• [EXERCISE GOAL]
Transcribe exactly, please, the line bearing "image 1 of OHS" and all later lines through the end of the records, with the pictures left out.

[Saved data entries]
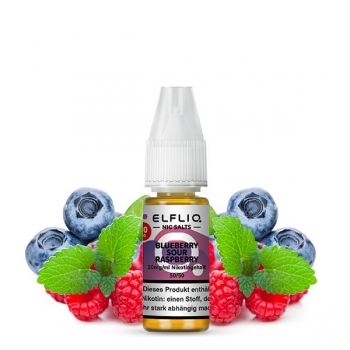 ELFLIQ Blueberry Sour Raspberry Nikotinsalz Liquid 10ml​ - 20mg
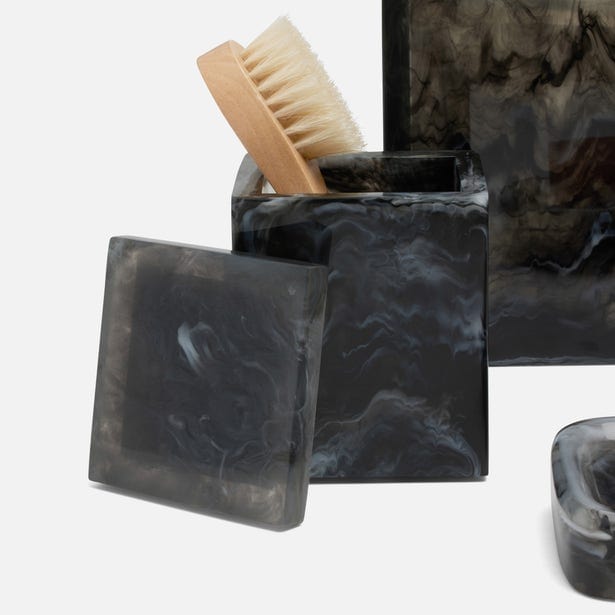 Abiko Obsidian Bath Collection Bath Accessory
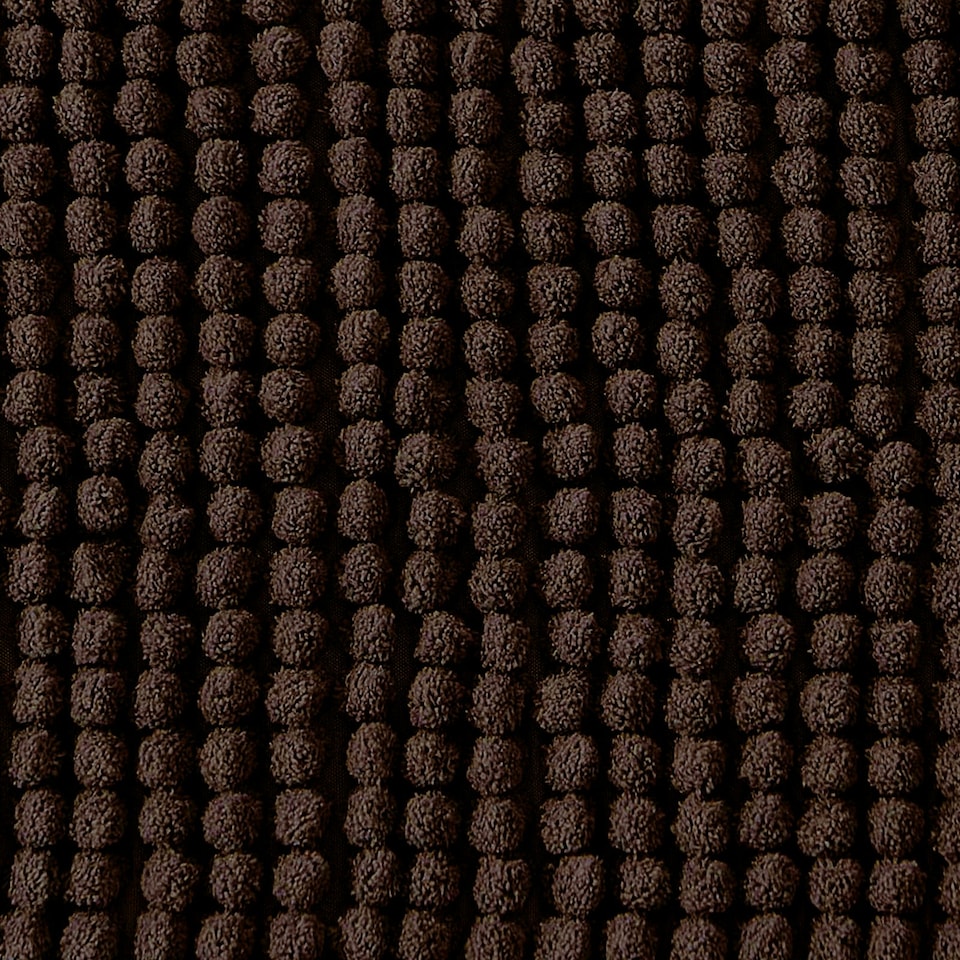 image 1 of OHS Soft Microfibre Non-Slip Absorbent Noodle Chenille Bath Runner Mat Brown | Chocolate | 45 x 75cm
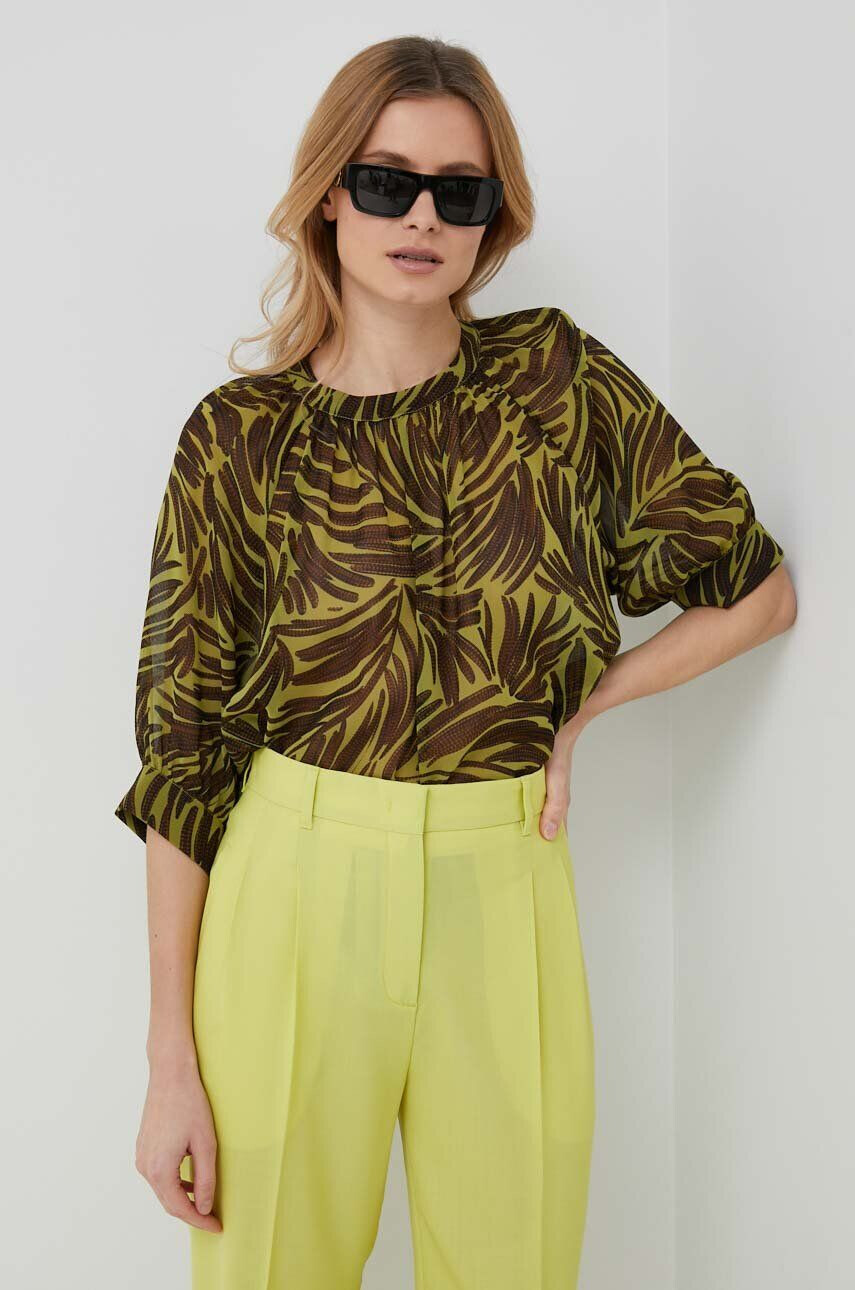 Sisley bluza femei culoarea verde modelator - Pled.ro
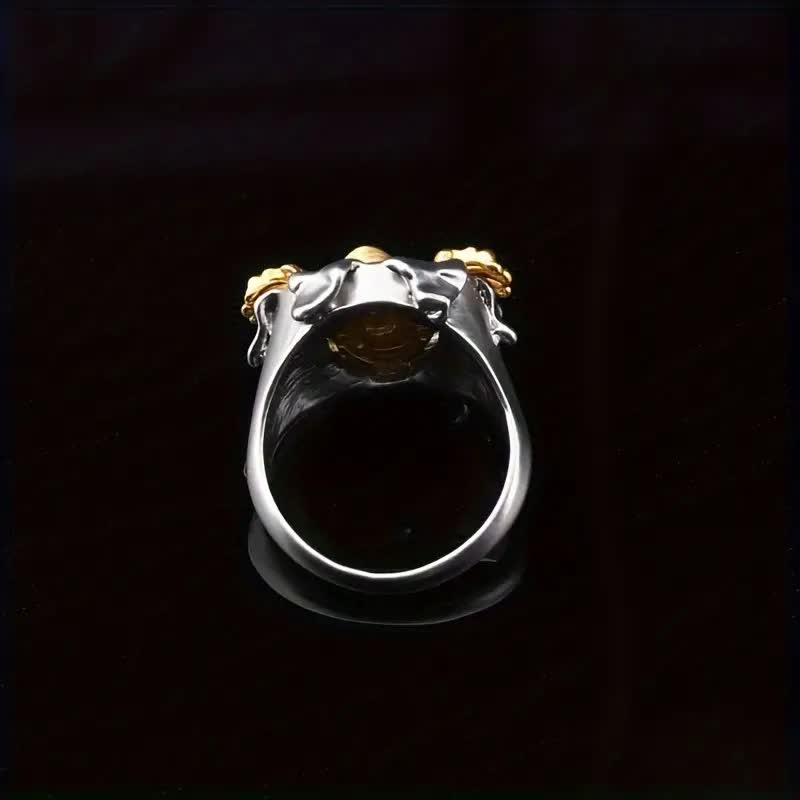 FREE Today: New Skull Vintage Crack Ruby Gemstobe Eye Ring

• [SOLVED PROBLEM]
 image 1 of OHS Soft Microfibre Non-Slip Absorbent Noodle Chenille Bath Runner Mat Brown | Chocolate | 45 x 75cm
 Sisley bluza femei culoarea verde modelator - Pled.ro
 FREE Today: New Skull Vintage Crack Ruby Gemstobe Eye Ring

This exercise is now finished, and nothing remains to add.